Mosquito Drink Media
L is beginning a new school next
week. I knew it would be a delicate change, as he loves his current preschool
and decided the best way to introduce the new school to L was to go on a
mission to cook the frog and slowly edge the temperature to boil. To this
effect, I walked L a few times to explore his new school grounds and all it had
to offer. L loved reading the inspiring and inclusive messaging that promoted
openness, kindness, equality, diversity, respect and environmental protection,
the beautiful and colourful murals of animals and environmental scenes and the
flower and vegetable garden, which he is keen to help maintain and grow. We
peered into the classrooms and discussed all the exciting things he would
learn. As his new preschool may hopefully be his elementary school and as there
is time to explain the change if not, I decided to craft the change as a
stepping stone towards elementary school. Without associating his new school
with losing his old and introducing it at first as his upcoming elementary
school, L was able to be excited at the prospect of his future chapter without any
attendant negative feelings associated with understanding his time at his
current school was ending. When we finally had this discussion, L had by this time
been introduced to his new school in only a positive manner. I believe this has
helped him understand and digest his dramatic new change. Nevertheless, it is
still difficult for L. “Mama, what if no one likes me and I don’t make
friends?” I told him I understood his concern and that I feel the same when I
began in new environments, but reminded him that when he began at his current
preschool he didn’t know anybody and had to make friends – and he did. L then
expressed sadness that he wouldn’t see his friends every day but I reminded him
that many of his friends left his preschool and he still continued to see his
friends and be friends with them, which cheered him up. “We will keep the old and
just get new!” That has been our mantra for the change and is reflecting a positive
outlook. L is on the whole excited about this new chapter.
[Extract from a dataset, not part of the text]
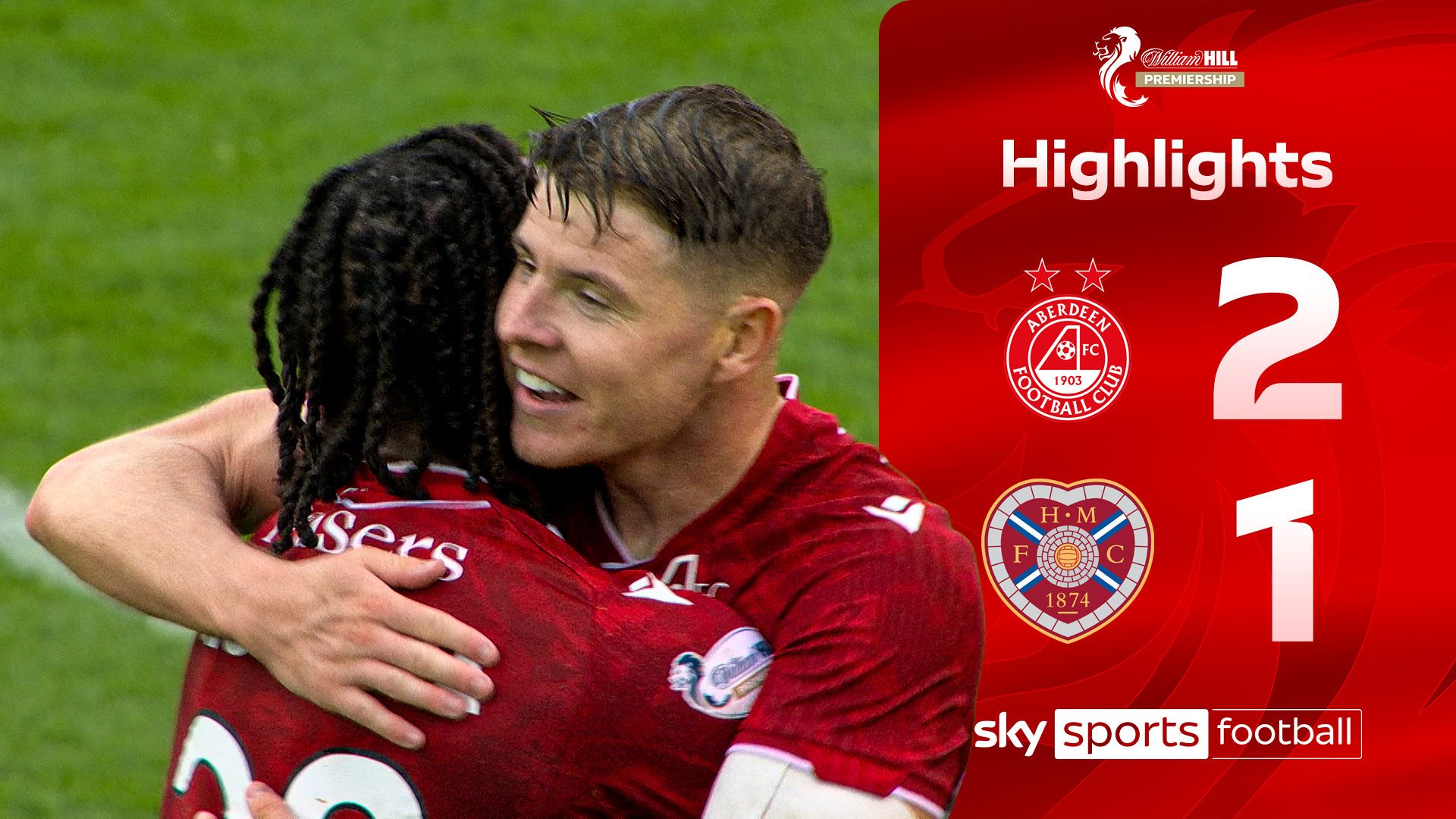 Aberdeen, Hearts'ı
L loves to show off. When one of
our dear friends visited recently, L displayed his “show offs” as he termed
them. As our friend sat on our couch and conversed with us, L brought various objects
from his bedroom, explained what they were, then bowed and retreated to recover
a new object. My favourite instruction was of the globe. L proceeded to spin it
while he circled our coffee table and explained “the earth orbits the sun, because
of the sun’s gravity, but the earth also rotates all the time, so we have day
when we face the sun on our side of the earth and night when we don’t”. Then L
bowed and ran to get his stuffed orcas to provide instructions on Jumpy and Bumpy’s
anatomy and habits.
L, M and I have been concocting
stories, drawing them and getting them ready for editing into a cartoon under L’s
created name of “Mosquito Drink Media”. They’ve created stories about orcas and
their sushi restaurant, carnivorous flowers and monsters with treasure maps.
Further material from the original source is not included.